Hello, This is my first post, first I want to thank everyone for the wealth of knowledge and information i've received so far. I began a few months ago by contacting Streettips on youtube after watching all his videos and he directed me to this forum. I bought LazerSteves video and Hokes book and went from there. I started off with about 6000 grams of mixed karat jewelry. Every night I put 150 grams of mixed gold in a 2000ml beaker, I add 150 ml of Nitric, 600ml of HCL and place it on a hot plate for an hour or two then let it sit till the next night. I then add urea until it stops fizzing and filter it into another 2000 ml beaker. I then add SMB until i don't get a stain with my tin/hcl mix. Then I filter all the acid off and wash the mud 4 or 5 times until clean. Then I place the dry mud in a crucible and heat with a torch until I have a shiny gold button. I know this is not the suggested way on this forum but I admit I got in a hurry and may have rushed after the first few times of doing it Lazersteves way. I only inquarted a few times.

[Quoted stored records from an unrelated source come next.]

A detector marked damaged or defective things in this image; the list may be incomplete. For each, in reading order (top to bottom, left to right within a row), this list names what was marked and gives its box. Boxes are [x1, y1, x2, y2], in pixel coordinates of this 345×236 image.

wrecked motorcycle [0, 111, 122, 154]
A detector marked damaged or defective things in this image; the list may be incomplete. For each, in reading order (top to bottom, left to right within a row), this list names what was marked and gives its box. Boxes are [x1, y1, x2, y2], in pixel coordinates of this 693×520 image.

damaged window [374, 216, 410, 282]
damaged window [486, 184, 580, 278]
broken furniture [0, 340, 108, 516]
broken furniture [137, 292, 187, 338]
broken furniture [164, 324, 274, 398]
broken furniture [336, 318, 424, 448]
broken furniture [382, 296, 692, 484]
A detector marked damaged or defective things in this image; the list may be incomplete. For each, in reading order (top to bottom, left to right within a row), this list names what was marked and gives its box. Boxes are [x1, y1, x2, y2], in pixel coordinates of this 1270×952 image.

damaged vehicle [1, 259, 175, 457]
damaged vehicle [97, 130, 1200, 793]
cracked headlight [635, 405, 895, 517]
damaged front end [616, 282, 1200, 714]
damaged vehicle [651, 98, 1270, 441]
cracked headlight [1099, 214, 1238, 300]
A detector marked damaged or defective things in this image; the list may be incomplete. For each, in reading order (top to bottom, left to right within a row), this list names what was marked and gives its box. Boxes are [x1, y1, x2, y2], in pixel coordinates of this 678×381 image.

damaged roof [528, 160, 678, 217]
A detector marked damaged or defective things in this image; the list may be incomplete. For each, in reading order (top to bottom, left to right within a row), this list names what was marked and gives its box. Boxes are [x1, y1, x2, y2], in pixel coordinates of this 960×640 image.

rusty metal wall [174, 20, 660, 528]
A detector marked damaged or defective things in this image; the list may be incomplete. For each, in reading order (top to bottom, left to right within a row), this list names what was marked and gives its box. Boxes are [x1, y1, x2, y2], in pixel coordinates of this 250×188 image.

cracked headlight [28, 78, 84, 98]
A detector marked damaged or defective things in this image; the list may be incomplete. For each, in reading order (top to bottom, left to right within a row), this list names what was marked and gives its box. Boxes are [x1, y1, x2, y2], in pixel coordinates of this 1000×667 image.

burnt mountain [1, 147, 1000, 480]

The few pieces of gold that got a silver choride crust every time was minimal and I just crushed them and added them to the next batch. My problem now is that I have 20 gallons of purple stuff that contains all my bi-metals and a zip lock bag full of all the fine powder that I sifted out of every filter. I also have every filter and paper towel and gloves that had any residue of any kind on it. Can some one please tell me the best way to process all my remaining metals to get the maximum yield. I can send pics if needed. Thanks. my
youtube name is evangatis, it is my sons old account.


----------



## Tndavid (Mar 5, 2017)

Pics work well. And everything you have asked for can be easily accessed via our wonderful search engine. Did you inquart the karat gold or go straight to Ar?


----------



## Tndavid (Mar 5, 2017)

I can help walk you thru the inquartation process if need be. Possibly a certain amount of your "mixed " karat never went into solution as a passivation layer of silver chloride could have formed a crust and kept the acid from reaching the inner gold and ceased the dissolution process.


----------



## Tndavid (Mar 5, 2017)

My fault, just seen where you partially inquarted the lot. Search "Stock Pot "


----------



## evangattis (Mar 8, 2017)

I guess my main question is, Should I just hang a piece of copper pipe in each milk jug and cement all the silver to the bottom? and if so How would I recover the remaining gold if there is any, also, what if there is other metals in there. Im sorry guys, I guess I'm just looking for a quick answer when I'm sure it must be somewhere in hokes book or on this forum somewhere. I will keep searching. Thanks.


----------



## evangattis (Mar 8, 2017)

Here are some before and after pics. Keep in mind 2 months ago I had no idea what I was doing, I still don't but I feel like Ive come along way. I will try to get some pics of my jugs of SN and powder.


----------



## evangattis (Mar 8, 2017)

Elemetal Refinery said it was between 97.8% and 99.5%. My newer batches are a lot neater and more shiney after using a 10% ammonia/90% H20 final wash. Should I just burn all my filters and towels together in gas and refine whats left exactly like I did the Karat scrap?


----------



## Tndavid (Mar 9, 2017)

That looks like a big pile of heaven  :G


----------



## everydayisalesson (Mar 9, 2017)

I hope the jugs are inside a catch pan. Milk jugs are not very thick and a pin hole could cost you a lot. Not to mention, it could be an environmental disaster waiting to happen.


----------